» YOUR GOAL:
With all pictures omitted, return verbatim the lines from the beginning of the records below through the line containing "We've got playoffs".

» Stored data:
....
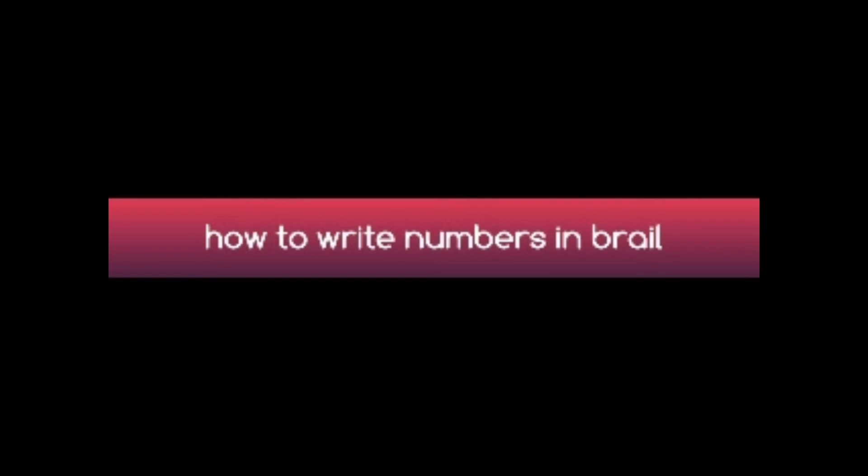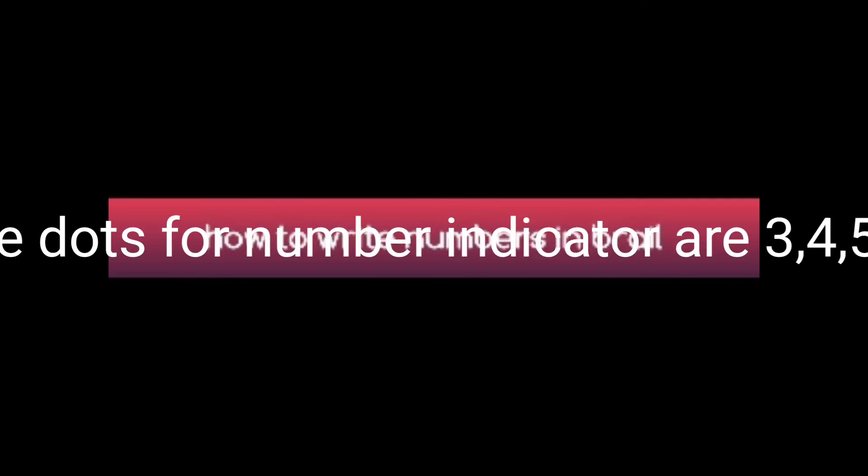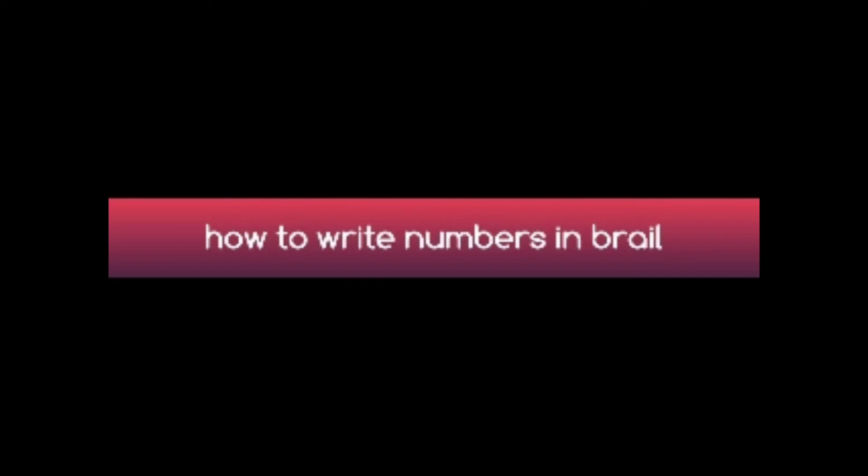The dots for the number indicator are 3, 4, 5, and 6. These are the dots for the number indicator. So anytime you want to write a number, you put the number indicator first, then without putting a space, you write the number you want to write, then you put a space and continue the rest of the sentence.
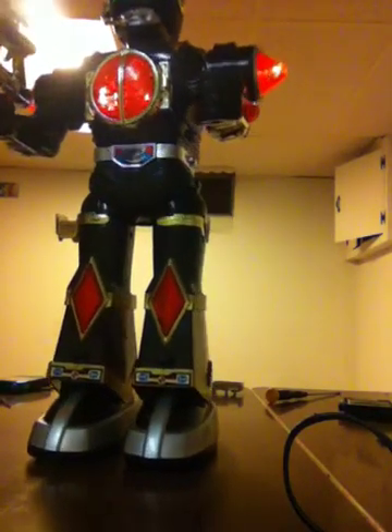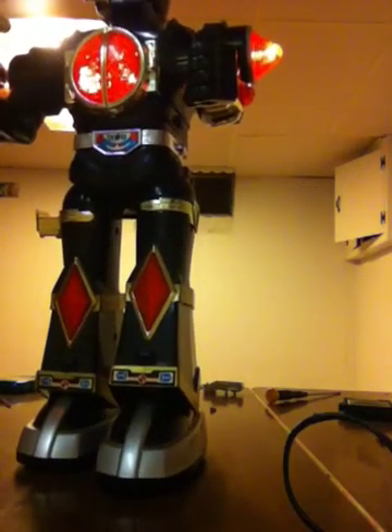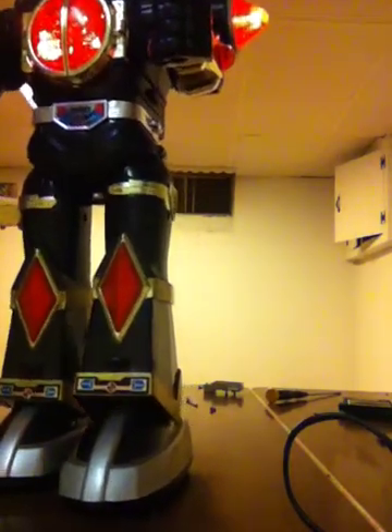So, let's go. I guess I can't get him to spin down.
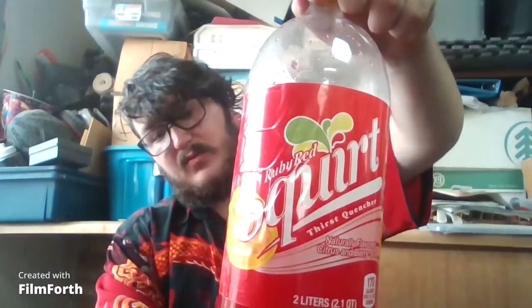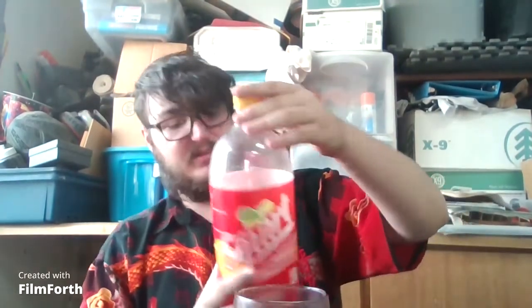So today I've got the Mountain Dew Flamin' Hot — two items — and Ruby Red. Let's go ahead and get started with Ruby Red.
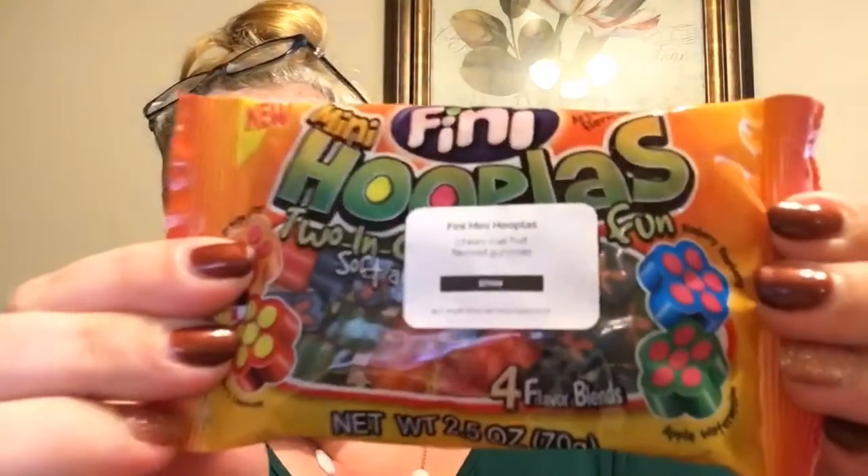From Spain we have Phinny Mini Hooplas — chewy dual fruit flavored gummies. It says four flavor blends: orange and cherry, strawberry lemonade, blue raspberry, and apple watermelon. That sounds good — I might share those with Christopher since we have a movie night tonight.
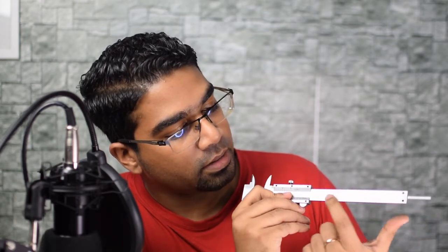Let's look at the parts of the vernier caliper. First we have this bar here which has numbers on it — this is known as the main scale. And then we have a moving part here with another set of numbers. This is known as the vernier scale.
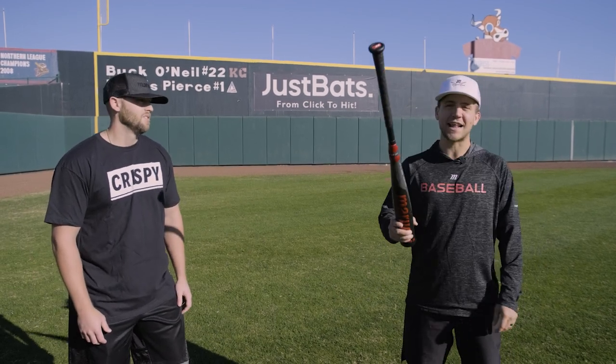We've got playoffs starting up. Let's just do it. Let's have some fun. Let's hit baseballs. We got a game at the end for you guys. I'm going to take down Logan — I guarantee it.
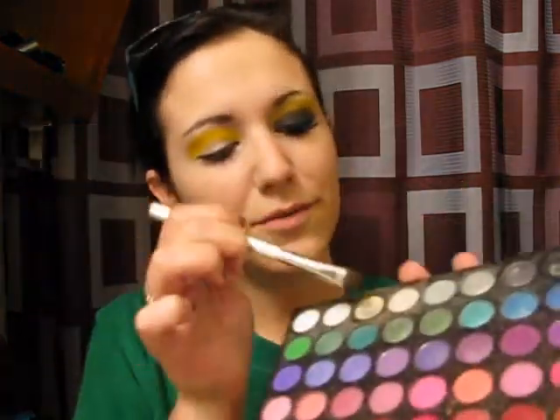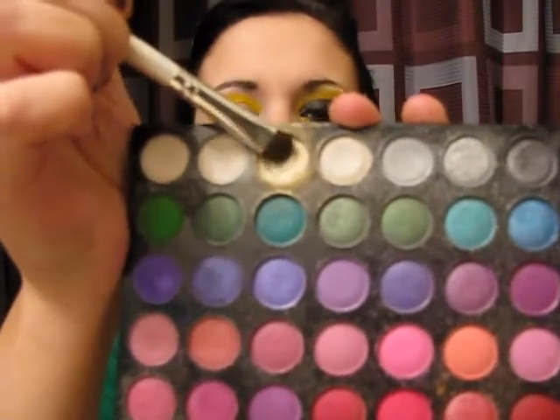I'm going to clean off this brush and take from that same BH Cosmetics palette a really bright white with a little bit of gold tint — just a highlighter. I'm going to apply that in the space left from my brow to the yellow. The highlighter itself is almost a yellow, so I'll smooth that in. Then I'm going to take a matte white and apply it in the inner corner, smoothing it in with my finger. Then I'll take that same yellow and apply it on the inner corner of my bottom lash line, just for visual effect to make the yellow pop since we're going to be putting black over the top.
....
» RESULT BELOW:
The dots for the number indicator are 3, 4, 5, and 6. These are the dots for the number indicator. So anytime you want to write a number, you put the number indicator first, then without putting a space, you write the number you want to write, then you put a space and continue the rest of the sentence.
So, let's go. I guess I can't get him to spin down.
So today I've got the Mountain Dew Flamin' Hot — two items — and Ruby Red. Let's go ahead and get started with Ruby Red.
From Spain we have Phinny Mini Hooplas — chewy dual fruit flavored gummies. It says four flavor blends: orange and cherry, strawberry lemonade, blue raspberry, and apple watermelon. That sounds good — I might share those with Christopher since we have a movie night tonight.
Let's look at the parts of the vernier caliper. First we have this bar here which has numbers on it — this is known as the main scale. And then we have a moving part here with another set of numbers. This is known as the vernier scale.
We've got playoffs starting up. Let's just do it. Let's have some fun. Let's hit baseballs. We got a game at the end for you guys. I'm going to take down Logan — I guarantee it.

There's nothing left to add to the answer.